Quite simply, a fraudulent transfer is something you give or a conveyance before filing Chapter 7 bankruptcy which the bankruptcy trustee can take.
What is the logic behind the fraudulent transfer laws?
First, let’s go back and look at the big picture. Chapter 7 bankruptcy can take some of your stuff and pay back some of your debts with it. Liquidation bankruptcy is Chapter 7, and it does take things. Yes, there are exemptions that can protect some stuff, but often, not all. But that’s not the point here. A Chapter 7 trustee can take your things and sell them and then use that money to pay some or all of your debt. That’s the big picture.
READ MORE: Chapter 7 bankruptcy basics
Next, now let’s pick a ridiculous example. What if the day before you filed bankruptcy, you owned a paid-off Lamborghini car worth $500,000. Further, let’s pretend you knew you’d lose that car in the bankruptcy. Consequently, you gave it to your best friend. Now, when you file bankruptcy, you don’t have a car to list as an asset, because “it’s all gone.” Problem solved, right? Wrong. The Chapter 7 bankruptcy trustee can go and get that car. Why? For exactly the reason you gave it to your friend. You transferred it to hinder giving it to your debts. So, the trustee can get it back.
While the thing is no longer your asset, there’s a place in the bankruptcy papers you must disclose all recent transfers you made. Remember, you’re signing these papers under penalty of perjury. Then, at the 341a Meeting of Creditors while being recorded, under oath, you’ll be asked if you gave away, sold or transferred anything worth more than $2,000 in the last four years. You need to tell the truth and disclose the thing you transferred. The FBI investigates bankruptcy crimes like hiding assets, and people really do go to jail for lying under oath in bankruptcy.

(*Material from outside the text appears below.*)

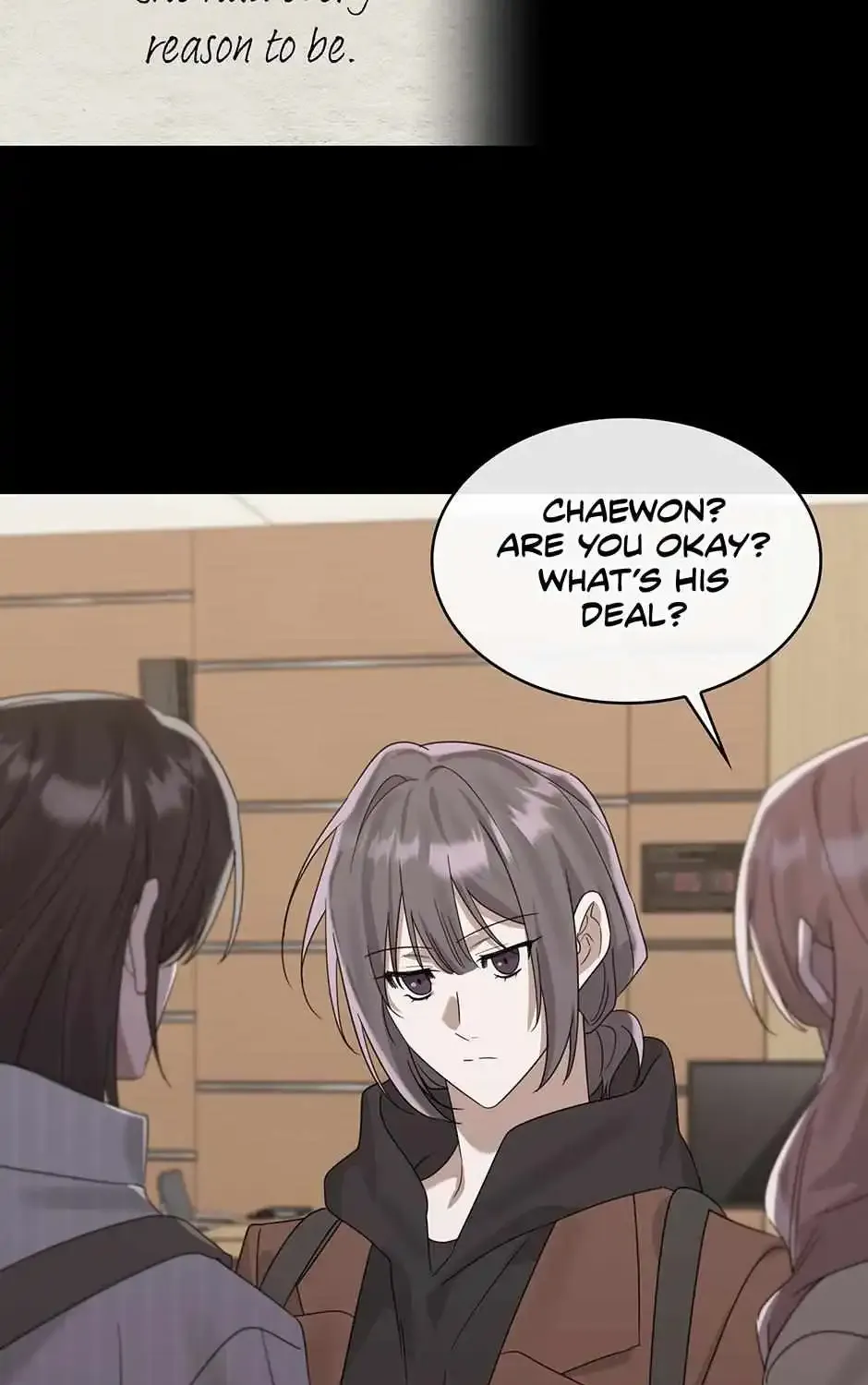 Grieving You Kainu Manga Chapter 53 Page 88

The logic behind these fraudulent transfer laws is to have the long arm of the law be able to reach something you gave away beforehand, and to right a wrong.
What do the laws say?
The fraudulent transfer laws
First, there are multiple laws in play that impact bankruptcy. There’s federal law and state law. It’s confusing how they work. The trustee’s rights in these actions are by state law. In re Hilde, 120 F3d 950 (9th Cir, 1997). Next, since I’m a California bankruptcy lawyer who only files bankruptcy cases in California, this discussion will focus on California state law. As a result, if you’re in a different state, you’ll need to research that state’s statutes.
To start, what is the definition of transfer in bankruptcy?

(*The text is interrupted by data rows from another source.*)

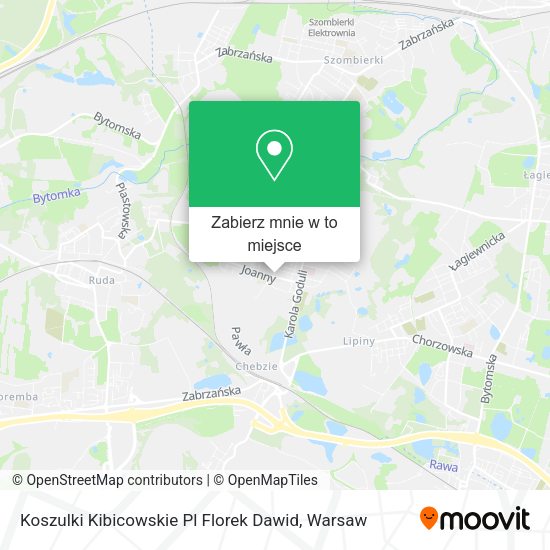 Mapa Koszulki Kibicowskie Pl Florek Dawid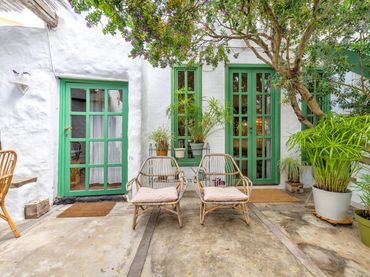 Casa en venda a Villa de Teguise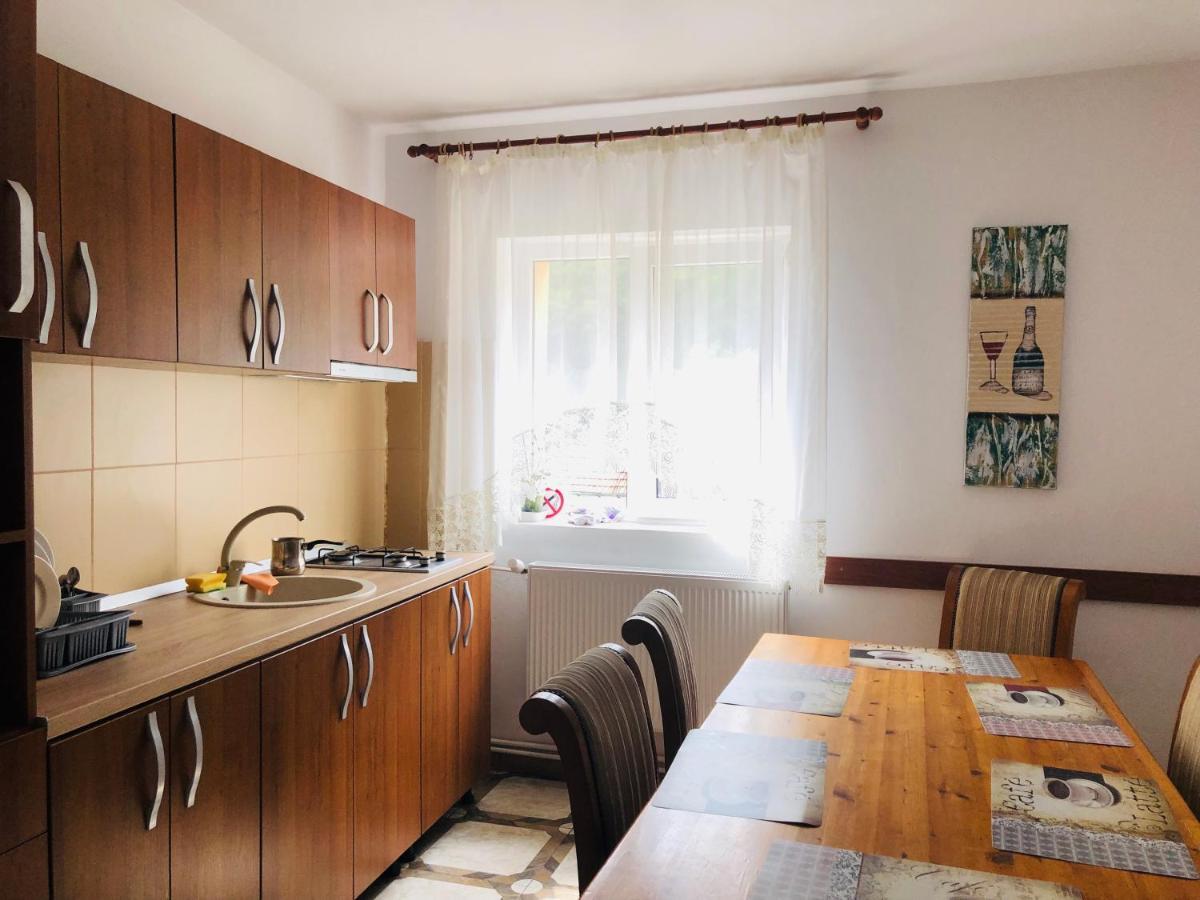 Pensiunea Sport Busteni Bagian luar foto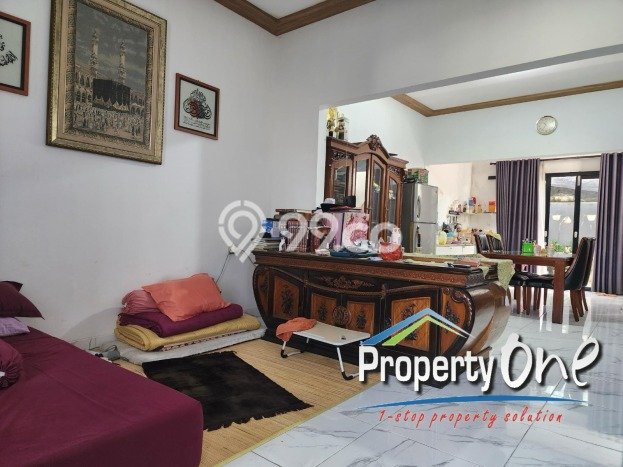 Dijual Rumah 5 Kamar Lokasi Strategis Nyaman dan Strategis di Pagedangan Dijual Rumah 5 Kamar Lokasi Strategis Nyaman dan Strategis di Pagedangan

In bankruptcy, the definition of “transfer” is defined extremely broadly. Skipping some obvious parts of the definition, let’s go to the part that comes up most often: “each mode, direct or indirect, absolute or conditional, voluntary or involuntary, of disposing of or parting with property or an interest in property.” 11 USC 101(54)(D). It “literally encompasses ‘every’ mode of parting with an interest in property.” Matter of Besing, 981 F2d 1488 (5th Cir, 1993). In law, things rarely get more comprehensive or all-inclusive than that. If you had it or could have had it (interest in property), and now you don’t, that’s a transfer. In bankruptcy, the definition of “transfer” is extremely broad.
The federal Fraudulent Transfer Statute
The federal fraudulent transfer bankruptcy law is codified in 11 USC 548, which is conveniently titled “fraudulent transfers and obligations.” The trustee has the power of the federal strongarm clause of 11 USC 544(a). This federal fraudulent transfer bankruptcy law goes back two years. There are two main parts of Section 548 of the Bankruptcy Code that apply.
Actual Intent, Or…
There’s a section that says the trustee can avoid any transfer if there was actual intent to hinder, delay or defraud. We already know for a fraudulent conveyance that “avoid any transfer” is very broad, from the definition above. But actual intent of something bad? That sounds fairly specific and narrow. Note that for this part insolvency isn’t needed. However, a court can infer intent, particularly when there are badges of fraud such as when an insolvent debtor makes a transfer and gets nothing or very little in return. Kupetz v Wolf, 845 F2d 842 (9th Cir, 1988).
But wait, there’s more.
No Proof of Intent Needed
The other main part of bankruptcy section 548 say the Chapter 7 trustee can avoid “any transfer” (two broad words again). But there’s an if coming. And it’s if the giver received less than its “reasonably equivalent value” where the debtor was: insolvent at the time; was engaging in business where property remaining was unreasonably small capital; intended to incur or believed the debtor would incur debts the debtor couldn’t afford to repay; or made the transfer for the benefit of an insider (typically family member).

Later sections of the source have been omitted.